Solution: enable sound planning and management by identifying data assets and setting processes to manage them

Empower an Enterprise Information Architect to lead an effort that (1) identifies data that describes the organization, (2) defines how to integrate and improve quality of that data, and (3) improves the ability of information technology to maintain data quality.

(1) Lead definition of an Enterprise Information Architecture identifying information required to manage the organization as a single integrated enterprise, and data quality standards that ensure that data supports enterprise goals.

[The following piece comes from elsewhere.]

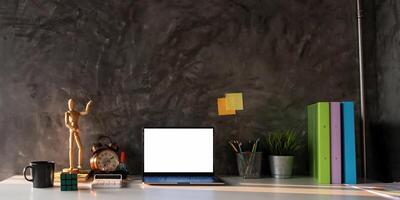 Laptop Computer und Büro Werkzeuge mit leer Bildschirm auf Tabelle mit Morgen Licht. foto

  • Identify and define events and objects critical to the enterprise
  • Identify and define relationships among those events and objects and attributes that describe them
  • Classify data managed by the organization by type (operational, statistical, financial, decision support, etc.) and define standards for managing and integrating each type.
  • Compile the above into a plan that explicitly supports the enterprise strategic plan

(2) Working with senior business managers, put in place a program of data quality improvement that plans and executes specific measures and sustained commitment to improving data quality in business processes and IT applications

  • Identify the business group responsible for maintaining quality and integrity of each business object, event, relationship, and attribute
  • Identify for each data item of interest to the enterprise its “system of origination” and “system of record”.
  • System of origination is the application that provides the entry point of a given data object to the organization.
  • System of record is the application that is the source of record for the data object.
  • Define and deploy standards and practices for for business process and IT application definition that support data quality and integrity standards

(3) Working with senior IT managers define and put in place standards for application requirements definition, data management, and metadata management to

  • Define and deploy application development and interface standards that support data quality objectives.
  • Ensure that application development efforts support enterprise data quality
  • Continually monitor new developments in data management best practices and make that information available to the enterprise.